Prashant Kishor Casts Bihar Poll Narrative: From Identity to Idea
Bihar Elections 2025 amid Prashant Kishor's debut in politics! (Images X.com)
As Modi and Tejashwi lock horns in a high-decibel campaign, Prashant Kishor’s Jan Suraaj movement quietly transforms Bihar’s election discourse—shifting focus from identity politics to jobs, governance, and local issues.
By MANISH ANAND
Patna, October 25, 2025 — As Bihar enters the heated phase of its 2025 Assembly election campaign, familiar political heavyweights — Prime Minister Narendra Modi and opposition leader Tejashwi Yadav — dominate the rally circuit. Yet, beneath the roar of crowds and the clash of slogans, a quieter revolution is underway, reshaping the state’s political grammar. The architect of this shift is none other than Prashant Kishor, the political strategist-turned-politician, whose Jan Suraaj movement has injected new life into Bihar’s electoral landscape.
For the first time in decades, Bihar’s poll narrative is no longer chained to the rigid binaries of caste and religion. Kishor’s grassroots campaign — rooted in local issues, jobs, education, and governance — has challenged the established political order. Even if Jan Suraaj fails to win a significant number of seats, its ideological footprint on Bihar’s political discourse is unmistakable.
In the rallies so far, the contrast is evident. While Tejashwi Yadav has centered his message on employment generation and reversing migration by promising industries and food-processing hubs in every district, the BJP’s top brass — including Modi and Amit Shah — have leaned heavily on symbolism and national issues, from invoking Karpoori Thakur’s legacy to attacking the Congress. The attempt is clear: to recast the state election as a Modi vs. Rahul Gandhi contest, rather than a Tejashwi vs. Nitish one.
However, Kishor’s presence has forced all sides to reimagine their political playbook. His meticulous state-wide “padyatras” have brought village-level governance failures to the fore — from crumbling schools and public health gaps to the disillusionment of youth seeking stable employment. As a result, both the NDA and Mahagathbandhan have been compelled to speak the language of vikas (development) rather than varg (caste).

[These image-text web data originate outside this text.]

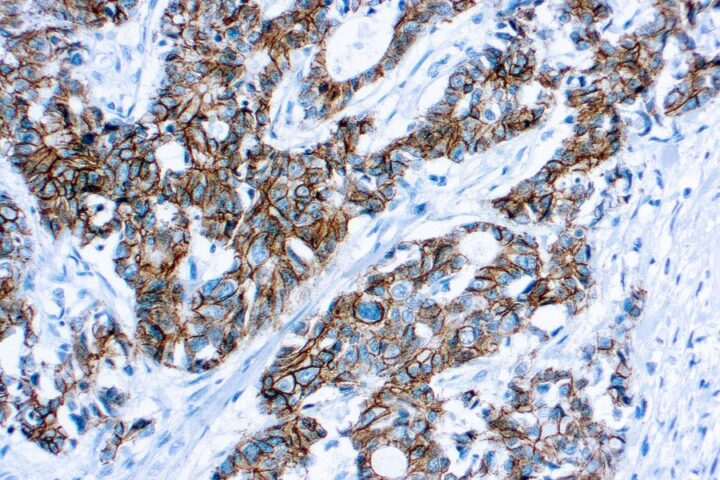 Immunohistochemical staining of p120 Catenin  of human FFPE tissue followed by incubation with HRP labeled secondary and development with DAB substrate.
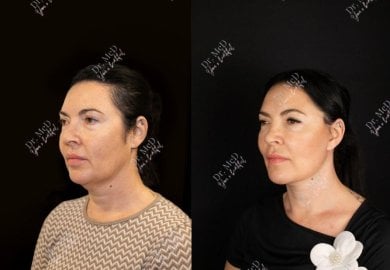 Facelift before and after results at Dr. MED – visible facial rejuvenation and contouring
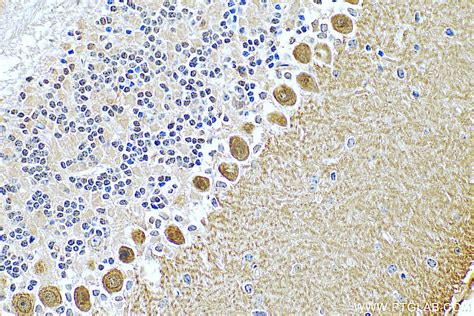 RGS8 antibody (27394-1-AP) | Proteintech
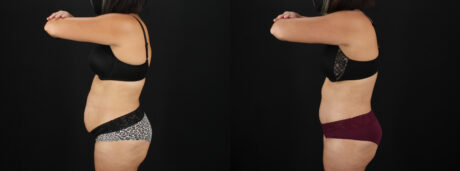 Tummy Tuck case #7617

In this sense, Kishor has done for Bihar what ULFA once did for Assam’s politics — pushed local, tangible issues into the mainstream. His insistence on clean, competent candidates — doctors, educators, professionals — has also cracked open Bihar’s cynical belief that “educated people avoid politics.” Even if they don’t win, they’ve shifted the aspiration of what Bihar’s politics can look like.
Political observers estimate that Jan Suraaj could secure 6–8% of the total vote share — a small but potentially decisive slice in a state where the 2020 NDA-Mahagathbandhan contest was decided by just 11,000 votes. Much of this new vote bank, analysts suggest, may come at the BJP’s expense, especially in urban and semi-urban constituencies.
Kishor himself insists he has no personal ambition to become Chief Minister. Yet his movement’s real victory may already be unfolding — in the way Bihar’s politicians are now forced to talk about schools instead of slogans, law and order instead of loyalty, empowerment instead of entitlement.
Even without contesting a single seat himself, Prashant Kishor has succeeded in turning Bihar’s 2025 election into something rare in the state’s history — a battle of ideas rather than identities.